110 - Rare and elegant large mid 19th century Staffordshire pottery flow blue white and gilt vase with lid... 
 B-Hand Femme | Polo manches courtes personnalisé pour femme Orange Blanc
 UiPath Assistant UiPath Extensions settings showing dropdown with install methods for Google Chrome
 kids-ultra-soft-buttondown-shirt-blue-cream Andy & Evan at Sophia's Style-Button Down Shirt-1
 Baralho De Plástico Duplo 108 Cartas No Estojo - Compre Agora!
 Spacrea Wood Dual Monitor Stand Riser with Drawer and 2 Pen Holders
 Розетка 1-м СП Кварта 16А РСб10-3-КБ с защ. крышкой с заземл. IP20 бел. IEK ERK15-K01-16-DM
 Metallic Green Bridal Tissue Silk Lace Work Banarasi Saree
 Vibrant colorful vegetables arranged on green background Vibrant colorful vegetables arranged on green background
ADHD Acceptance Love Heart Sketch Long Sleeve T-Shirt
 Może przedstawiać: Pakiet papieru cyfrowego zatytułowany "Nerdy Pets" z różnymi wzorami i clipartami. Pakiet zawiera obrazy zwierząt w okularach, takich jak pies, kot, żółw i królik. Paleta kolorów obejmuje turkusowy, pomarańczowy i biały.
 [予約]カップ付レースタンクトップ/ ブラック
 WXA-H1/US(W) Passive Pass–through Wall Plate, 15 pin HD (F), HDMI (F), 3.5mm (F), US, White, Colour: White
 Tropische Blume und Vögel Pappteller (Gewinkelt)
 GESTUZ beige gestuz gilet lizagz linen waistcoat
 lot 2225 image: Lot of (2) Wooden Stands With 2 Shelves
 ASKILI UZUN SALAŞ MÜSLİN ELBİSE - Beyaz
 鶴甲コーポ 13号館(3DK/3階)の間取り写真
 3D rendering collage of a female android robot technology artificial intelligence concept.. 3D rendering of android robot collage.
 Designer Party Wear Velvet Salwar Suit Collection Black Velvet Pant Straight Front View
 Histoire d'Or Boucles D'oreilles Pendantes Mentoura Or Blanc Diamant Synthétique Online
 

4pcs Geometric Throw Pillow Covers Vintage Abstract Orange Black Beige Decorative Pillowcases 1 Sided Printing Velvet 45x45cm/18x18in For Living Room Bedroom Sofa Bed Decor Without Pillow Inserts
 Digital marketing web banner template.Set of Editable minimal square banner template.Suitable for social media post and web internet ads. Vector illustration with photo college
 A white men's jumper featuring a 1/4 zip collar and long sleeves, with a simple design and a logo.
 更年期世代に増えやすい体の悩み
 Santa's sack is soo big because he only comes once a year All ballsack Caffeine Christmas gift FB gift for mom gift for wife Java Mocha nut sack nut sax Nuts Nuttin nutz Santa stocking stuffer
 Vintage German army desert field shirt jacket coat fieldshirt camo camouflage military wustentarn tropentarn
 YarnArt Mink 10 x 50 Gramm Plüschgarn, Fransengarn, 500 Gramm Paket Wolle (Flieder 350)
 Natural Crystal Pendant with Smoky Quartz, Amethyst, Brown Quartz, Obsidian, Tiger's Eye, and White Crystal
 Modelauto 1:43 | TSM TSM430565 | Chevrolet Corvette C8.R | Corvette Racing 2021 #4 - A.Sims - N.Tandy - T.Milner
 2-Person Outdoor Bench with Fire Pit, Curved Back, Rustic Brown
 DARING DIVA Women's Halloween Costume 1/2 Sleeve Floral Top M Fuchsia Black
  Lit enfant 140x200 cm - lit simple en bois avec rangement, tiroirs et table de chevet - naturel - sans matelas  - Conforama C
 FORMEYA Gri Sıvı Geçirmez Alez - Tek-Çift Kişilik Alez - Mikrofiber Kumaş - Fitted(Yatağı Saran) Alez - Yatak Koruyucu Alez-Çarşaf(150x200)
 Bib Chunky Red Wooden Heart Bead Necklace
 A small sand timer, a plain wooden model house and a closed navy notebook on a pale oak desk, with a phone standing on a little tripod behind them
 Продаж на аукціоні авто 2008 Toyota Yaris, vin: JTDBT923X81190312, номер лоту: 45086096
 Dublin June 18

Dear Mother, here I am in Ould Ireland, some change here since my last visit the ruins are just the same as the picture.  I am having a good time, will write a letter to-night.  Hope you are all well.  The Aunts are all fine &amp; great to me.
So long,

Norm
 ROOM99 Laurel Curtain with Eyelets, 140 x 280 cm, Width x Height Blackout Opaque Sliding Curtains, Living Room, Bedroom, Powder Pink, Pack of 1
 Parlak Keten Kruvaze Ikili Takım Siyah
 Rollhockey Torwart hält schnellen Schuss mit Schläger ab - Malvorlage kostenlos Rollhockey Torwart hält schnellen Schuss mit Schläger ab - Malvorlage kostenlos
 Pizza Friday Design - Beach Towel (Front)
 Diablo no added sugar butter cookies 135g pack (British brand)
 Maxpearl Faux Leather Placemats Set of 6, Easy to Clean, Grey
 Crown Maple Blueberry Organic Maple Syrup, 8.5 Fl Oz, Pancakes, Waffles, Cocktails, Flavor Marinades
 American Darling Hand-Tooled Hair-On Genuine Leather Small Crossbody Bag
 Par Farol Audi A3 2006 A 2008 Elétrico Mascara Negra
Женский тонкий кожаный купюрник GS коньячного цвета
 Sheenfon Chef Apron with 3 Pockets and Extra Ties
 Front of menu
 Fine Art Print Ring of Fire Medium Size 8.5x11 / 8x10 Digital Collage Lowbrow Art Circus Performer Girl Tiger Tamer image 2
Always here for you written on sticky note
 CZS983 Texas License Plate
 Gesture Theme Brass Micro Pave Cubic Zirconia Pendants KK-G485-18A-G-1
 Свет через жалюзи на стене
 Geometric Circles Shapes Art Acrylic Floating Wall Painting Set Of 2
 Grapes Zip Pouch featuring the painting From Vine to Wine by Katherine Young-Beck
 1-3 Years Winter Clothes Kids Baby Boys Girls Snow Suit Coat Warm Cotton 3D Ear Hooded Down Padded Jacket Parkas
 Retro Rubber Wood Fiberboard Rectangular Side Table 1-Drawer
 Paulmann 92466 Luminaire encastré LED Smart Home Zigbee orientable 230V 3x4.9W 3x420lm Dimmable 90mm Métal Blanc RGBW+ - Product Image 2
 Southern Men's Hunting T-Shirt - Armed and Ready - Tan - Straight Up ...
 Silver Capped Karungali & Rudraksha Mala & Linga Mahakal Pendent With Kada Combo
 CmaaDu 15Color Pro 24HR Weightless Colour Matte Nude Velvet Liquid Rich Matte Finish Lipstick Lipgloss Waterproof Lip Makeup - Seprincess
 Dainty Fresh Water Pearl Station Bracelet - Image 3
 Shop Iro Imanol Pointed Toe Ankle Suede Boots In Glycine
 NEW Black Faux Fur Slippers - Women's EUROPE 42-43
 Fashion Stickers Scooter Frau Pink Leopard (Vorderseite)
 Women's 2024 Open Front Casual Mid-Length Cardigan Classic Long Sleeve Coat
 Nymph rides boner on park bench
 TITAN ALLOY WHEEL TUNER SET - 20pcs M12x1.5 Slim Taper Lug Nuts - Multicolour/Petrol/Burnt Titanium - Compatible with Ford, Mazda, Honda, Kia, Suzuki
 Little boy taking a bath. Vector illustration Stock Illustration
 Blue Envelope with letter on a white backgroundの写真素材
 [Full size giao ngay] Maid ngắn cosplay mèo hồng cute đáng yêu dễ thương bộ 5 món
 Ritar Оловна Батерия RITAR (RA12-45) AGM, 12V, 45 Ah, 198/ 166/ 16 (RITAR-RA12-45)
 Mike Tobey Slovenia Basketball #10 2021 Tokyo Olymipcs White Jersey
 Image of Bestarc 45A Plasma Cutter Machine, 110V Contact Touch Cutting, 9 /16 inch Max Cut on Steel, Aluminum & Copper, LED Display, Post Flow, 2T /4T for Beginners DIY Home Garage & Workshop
__________
→ **Your goal**: The expected answer is each line of the records above that includes the string "Brown".

→ **Output of the task**:
 Natural Crystal Pendant with Smoky Quartz, Amethyst, Brown Quartz, Obsidian, Tiger's Eye, and White Crystal
 2-Person Outdoor Bench with Fire Pit, Curved Back, Rustic Brown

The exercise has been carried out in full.